Here, I'll help you and you tell me where I'm wrong. The lowest movie analyzed showed marketing was 24% of the TOTAL cost (this is not the the production cost). Lets give Disney a benefit of the doubt and use that number. Looking at the figure from the anaylsis I have cited more than once, if you assume all of the other averages, you get a total cost of $345 million. Now, lets say Disney had a crystal ball and knew to put much less in to everything. And now lets be insanely generous and try to help your point. Lets say they somehow had all those costs makeup half of what the industry average for a movie that size is. You are still at $254 million total cost. Also keep in mind this is giving a marketing budget of $66.5 and $49 mil in the 2 scenarios, SIGNIFICANTLY under the industry average (which from what I am reading is way higher than the 50% even Masterpenguin gives you for movies with large budgets, it's closer to 80-100% of the production budget).
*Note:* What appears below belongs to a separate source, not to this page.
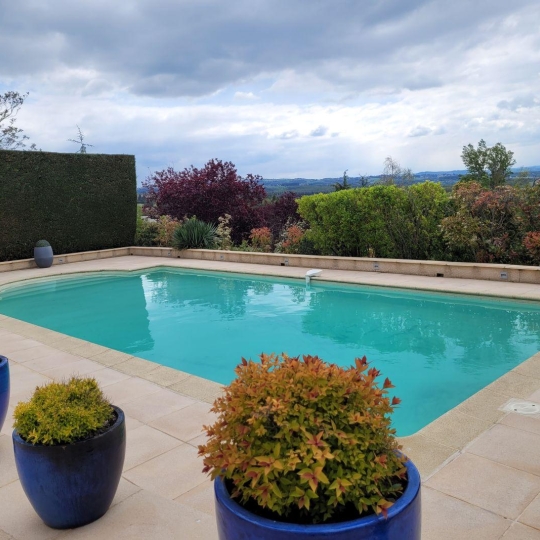 Maison / Villa SAINT-BONNET-LES-OULES (42330) 220.00m2 745 000 € 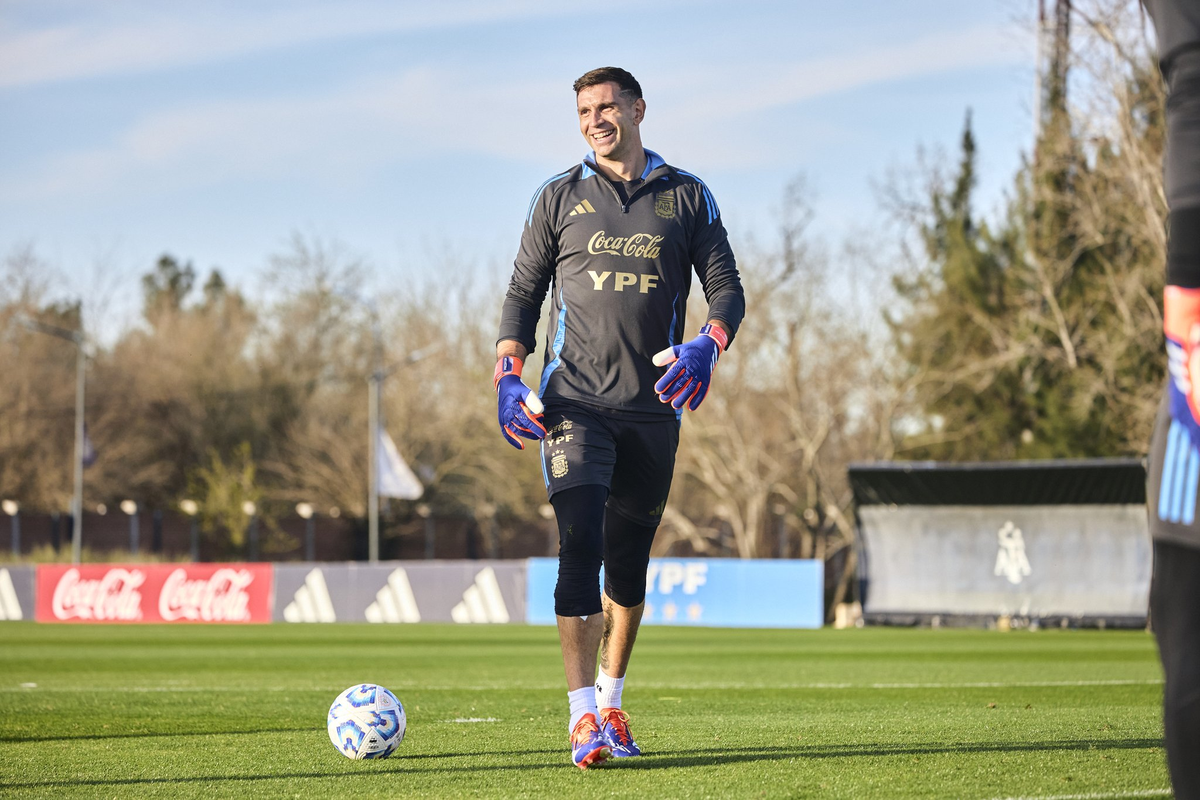 Lionel Scaloni probó el equipo para enfrentar a Chile por las Eliminatorias Sudamericanas. Lionel Scaloni probó el equipo para enfrentar a Chile por las Eliminatorias Sudamericanas.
So, in your best case scenario, you are talking about $254 million being the money you need to make to profit. You have $129 mil in tickets. Your own numbers gives you $50 in digital, $20 in print, and $10 in cable. If Disney somehow cut ALL costs to in half of the industry average, you are still $50 mil in the hole. If they stay around average, you are $130 mil in the hole. You need to explain how that money is made up.
 

LSLS

Well-Known Member
Sadly we will never know. And, oh by the way, I don't believe the conventional wisdom concerning how these numbers break down in reality. Nobody would finance movies with so much risk and such little return. But that is another thread somewhere.

PS- I don't remember offering up specific numbers but whatever. It was a long day. 😊

Let me help you:

I'll go with 80. I'm guessing 50 for digital streaming because Christmas. 20 for disc. 10 from cable next year. All profit after that.

And I am being partly serious.

PS- 100 posts to go to 20K. Yes I'm counting.

Maybe we won't, but I have broken numbers down, and I have broken them down extremely biased towards your ideas, and the numbers aren't close. Honestly think about what you are saying. I have posted hard data. Masterpenguin has posted generally accepted data. You say you won't believe either with absolutely no evidence because you can't imagine it.

Here is another graph. It's not perfect, but gives you an idea on profit margins (the graph is huge, so I don't want to embed it):
https://cdn1.thr.com/sites/default/files/2018/02/thr-biz-studio-profitability.jpg

Notice how Disney in 2017 had $8.3 billion revenue, but only 2.3 billion profit. Definitely the best margin of all other studios (in large part due to Last Jedi, Beauty and the Beast, and Guardians 2). They had a 27% profitability for the year. Combined with all studios, those major studios had a combined 12.5% profitability.

It really is ok to admit that Disney had a bomb/flop/whatever you want to call it. It doesn't make Disney studios bad, it doesn't mean they aren't the best studio. Every studio has movies that fail. You can stay completely loyal to the company and admit that they had a movie fail. With the amount of evidence at this point, the only way you don't admit that is if you are willing to just blatantly ignore evidence.